MILK producers have been under the cosh during the past 12 months, with prices falling about 5p/litre in response to pressure from sterling and buyers.

Recent projections put the drop in farm incomes this year at well over 50% on dairy units and some recent reports suggest large numbers of dairy farmers leaving the industry.

But the good news is that the bottom of the trough seems to have been reached and some limited recovery is probable for 1998.

Dairy commodity markets have had a buoyant second half to the year and that alone bodes better for milk prices, given the in-built "lag effect" between manufacturer and producer returns.

Butter in particular has benefited from strong Russian buying. Continental prices have climbed all year, with Dutch and German values putting on 15%.

UK butter prices were initially left behind due to strong sterling. But even these have now moved to 10% ahead of intervention values as demand has strengthened and the £ has come off peak levels. Bulk product is currently worth about £2450/t, compared with £2200/t at its low point in May.

Analysts believe butter prices have now peaked, but will only soften slightly in the months ahead.

Brussels recently imposed a five-point plan stop the market overheating, including a large cut in export subsidies, a similar reduction in subsidies on butter for food manufacturing and the sale of all remaining intervention stocks. But the expectation is that the trade will "shrug this off", especially if Russian and East European buyers return to the market in the new year.

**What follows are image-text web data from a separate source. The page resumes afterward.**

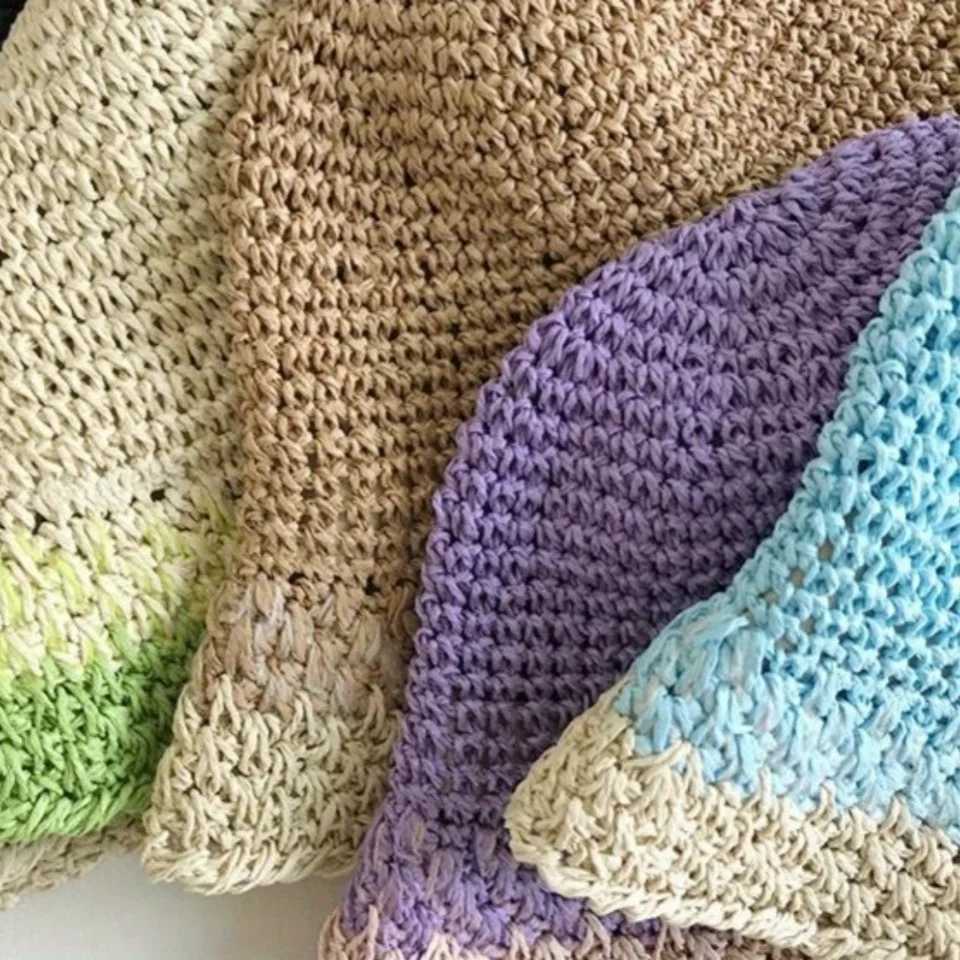 1 piece of womens straw hat foldable beach hat wide brown soft wooden bucket hat W250217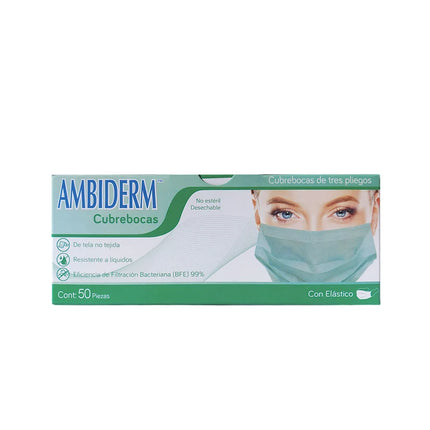 Cubrebocas Tricapa con Elástico Ambiderm | Caja con 50 Piezas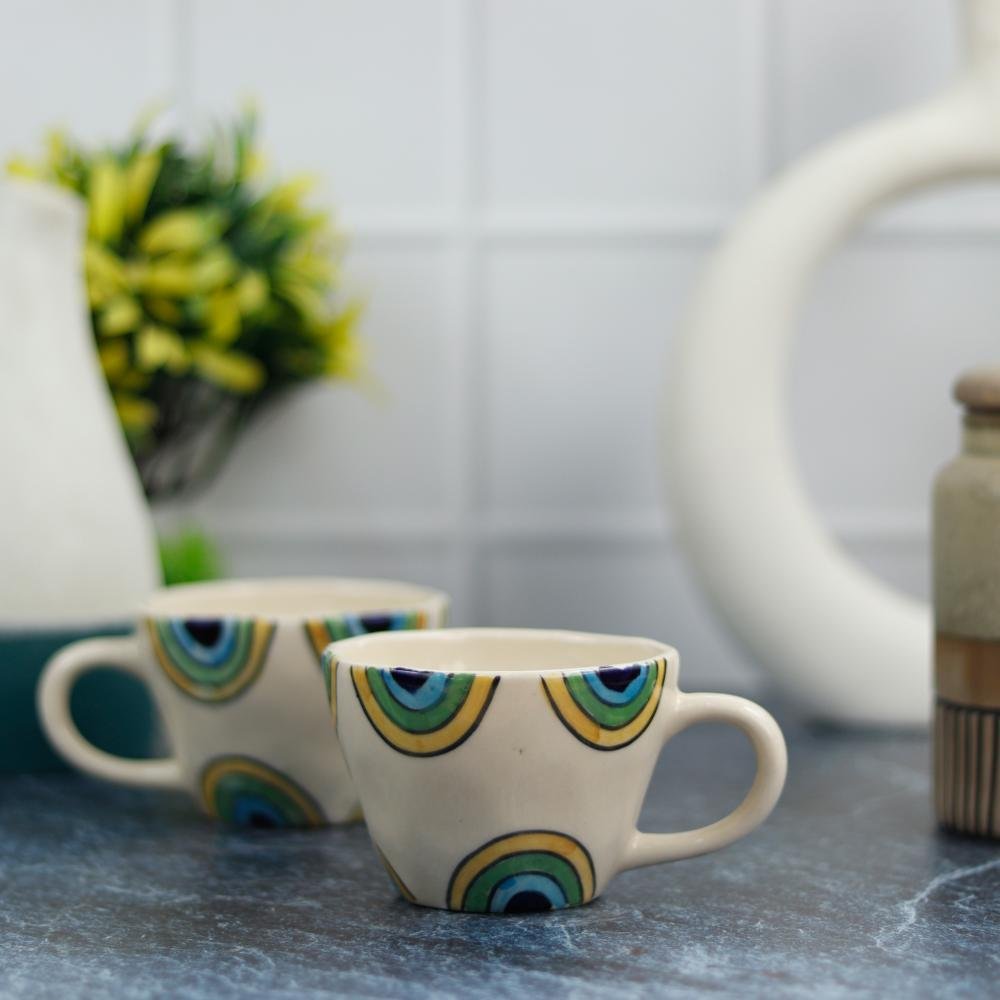 Classic Khurja Pottery Ceramic Coffee Mugs - DP1063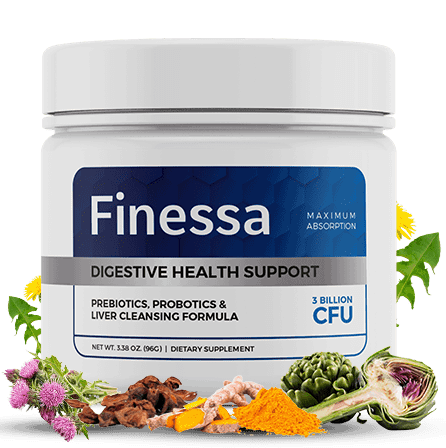 Finessa digestive health powder bottle — gut-liver support supplement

Skimmed milk powder is also relatively buoyant throughout Europe, and expected to remain so. Good export business to Mexico and improved profits for Continental veal producers continue to support the market.

Similarly, cheese manufacturers have reaped the benefit of strong demand. Most of the main UK dairy companies point to mature Cheddar as being fundamental to their substantially improved profits this year. The fear is that it could be a victim of its own success, as more manufacturers have moved into production.

Farmhouse Cheddar is currently worth about £3500/t and has been at this level for over a year, following a gradual firming during 1996. Analysts suggest the bubble could burst some time in 1998.

But the good news is that mild Cheddar prices may now start to improve having slipped throughout 1997.

Output has been tapering off as manufacturers have diverted milk to butter or mature cheese, and have also made a concerted effort to curb excess production. Prices are expected to reach £2400/t soon into the new year, having bottomed out at £2200/t in the autumn.

One potential problem is that the GATT ceiling for the volume of subsidised exports has been cut again (by 5%) for 1997/98 and will result in more cheese looking for a home in the internal market. And continuing problems in the Pacific Rim countries could dampen demand for dairy products from the US and New Zealand, putting pressure on world markets.

Neither of these is expected to have much of an impact on UK dairy product prices.

So what does this all mean for UK milk producers? They will soon find out, as Milk Marque is due to announce its terms for the January selling round any day. This will set the trend for producer prices for much of the year.

Indicative of what might happen was a recent auction by United Dairy Farmers in Ulster. This showed a slight increase on prices achieved at its last sale in September, with 60m litres of milk sold on 12-month contracts averaging 21.56p/litre, compared with 21.24p/litre. Three month contracts were up marginally at 22.29p/litre.

It is likely Milk Marque will try to get a bit more from the market in January, though buyers may well hold off and try and force prices down again.

But this may be of less relevance as Milk Marque is heading towards "index-linked" contracts, tying milk prices more strongly to currency.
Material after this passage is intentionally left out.